> Available data:
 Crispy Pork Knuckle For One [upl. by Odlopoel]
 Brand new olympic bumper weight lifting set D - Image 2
* * *
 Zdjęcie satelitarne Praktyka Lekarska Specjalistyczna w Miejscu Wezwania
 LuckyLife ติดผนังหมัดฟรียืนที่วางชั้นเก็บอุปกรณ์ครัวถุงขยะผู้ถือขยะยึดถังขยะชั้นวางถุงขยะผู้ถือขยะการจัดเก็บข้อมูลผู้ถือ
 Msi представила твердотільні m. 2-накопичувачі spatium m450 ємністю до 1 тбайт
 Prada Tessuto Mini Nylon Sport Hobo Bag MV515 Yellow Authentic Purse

> Task: Look above for the line with "Crispy Pork Knuckle" and the line with "Brand new olympic". Write out those two lines and all the lines between them, exactly, and no others.

> The completed task:
 Crispy Pork Knuckle For One [upl. by Odlopoel]
 Brand new olympic bumper weight lifting set D - Image 2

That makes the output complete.